(Requirement):
Nothing but the lines below from the one holding "Real Estate Picture 52" up to and including the one holding "Turfy, adidas,34" should be copied, exactly and without pictures.

(Exercise material):
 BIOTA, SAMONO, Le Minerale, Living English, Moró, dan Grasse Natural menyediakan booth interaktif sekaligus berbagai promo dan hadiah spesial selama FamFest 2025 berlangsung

...

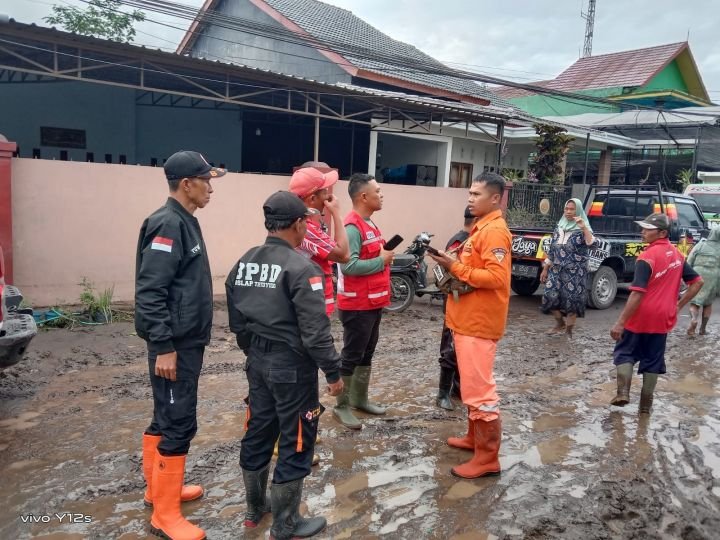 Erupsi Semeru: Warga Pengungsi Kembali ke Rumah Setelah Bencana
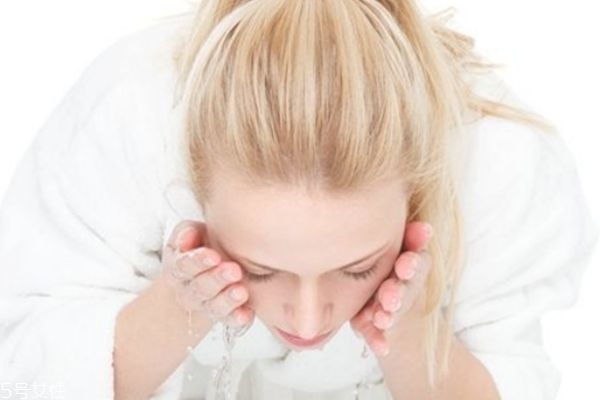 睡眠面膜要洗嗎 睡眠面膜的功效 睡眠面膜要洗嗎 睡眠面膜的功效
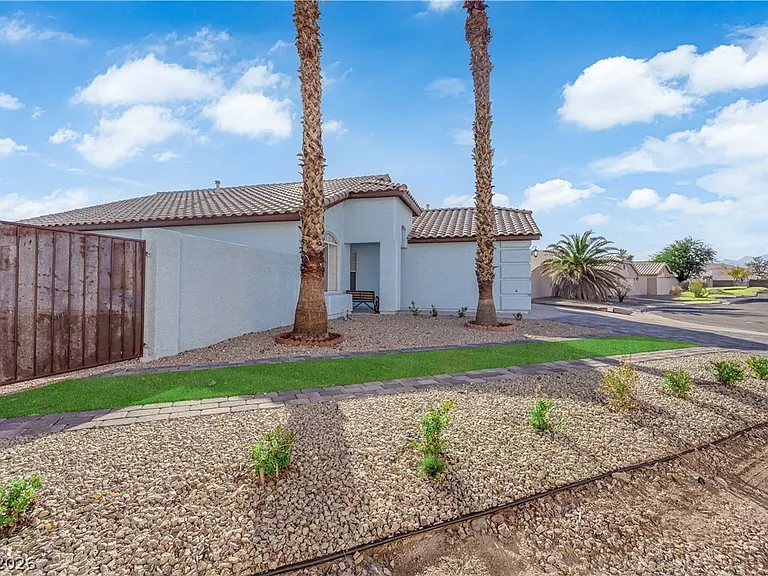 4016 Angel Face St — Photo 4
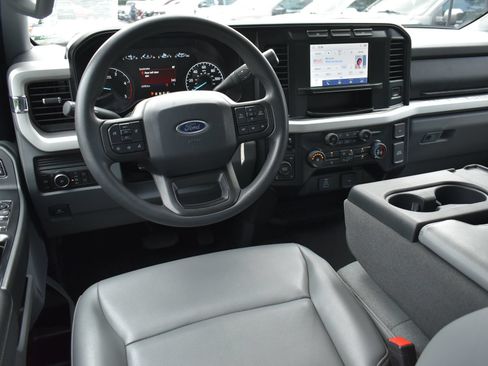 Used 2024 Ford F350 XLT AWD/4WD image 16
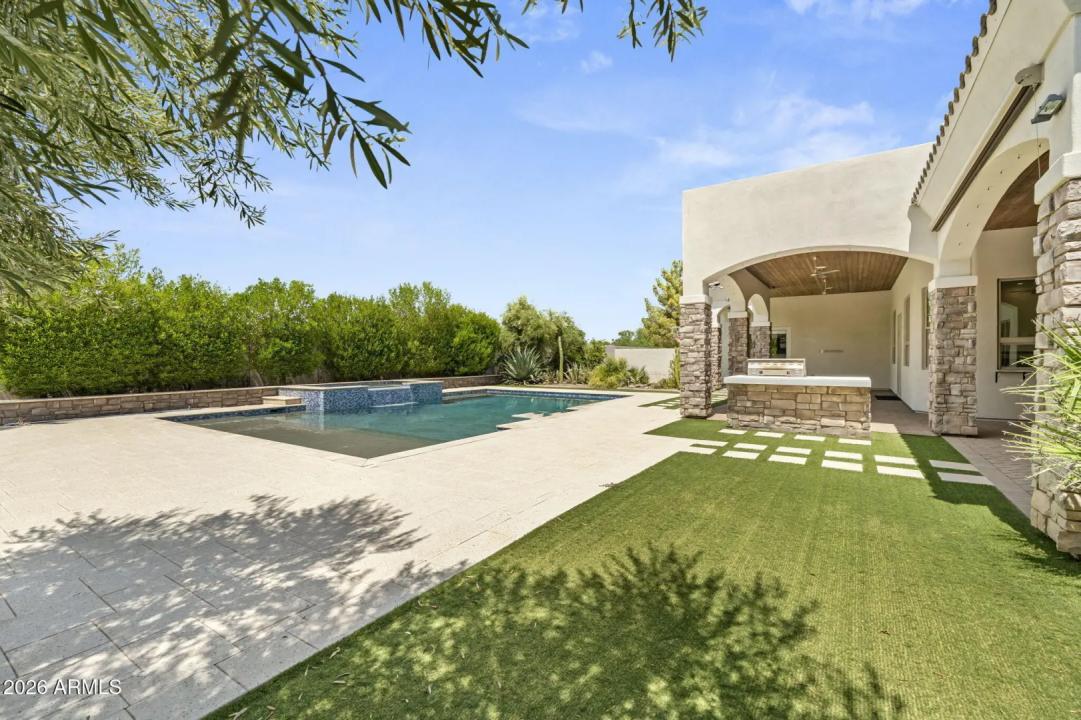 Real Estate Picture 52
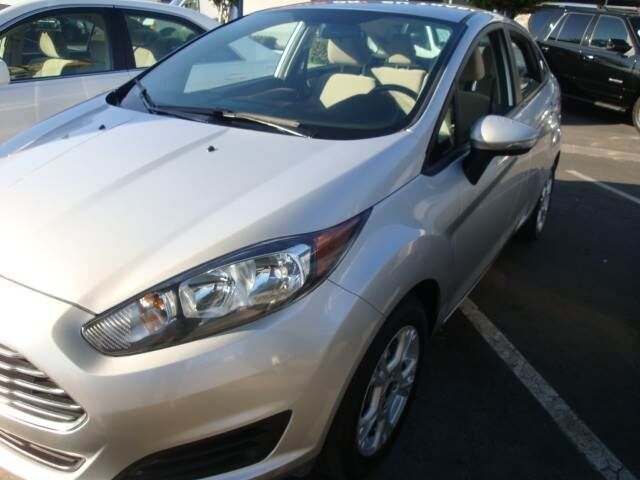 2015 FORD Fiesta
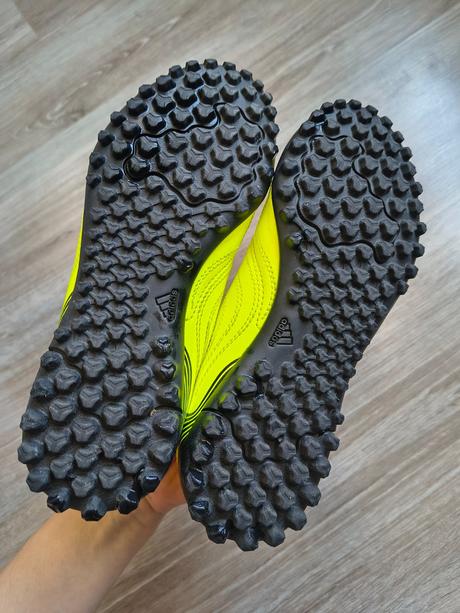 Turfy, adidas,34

(Completed exercise):
 Real Estate Picture 52
 2015 FORD Fiesta
 Turfy, adidas,34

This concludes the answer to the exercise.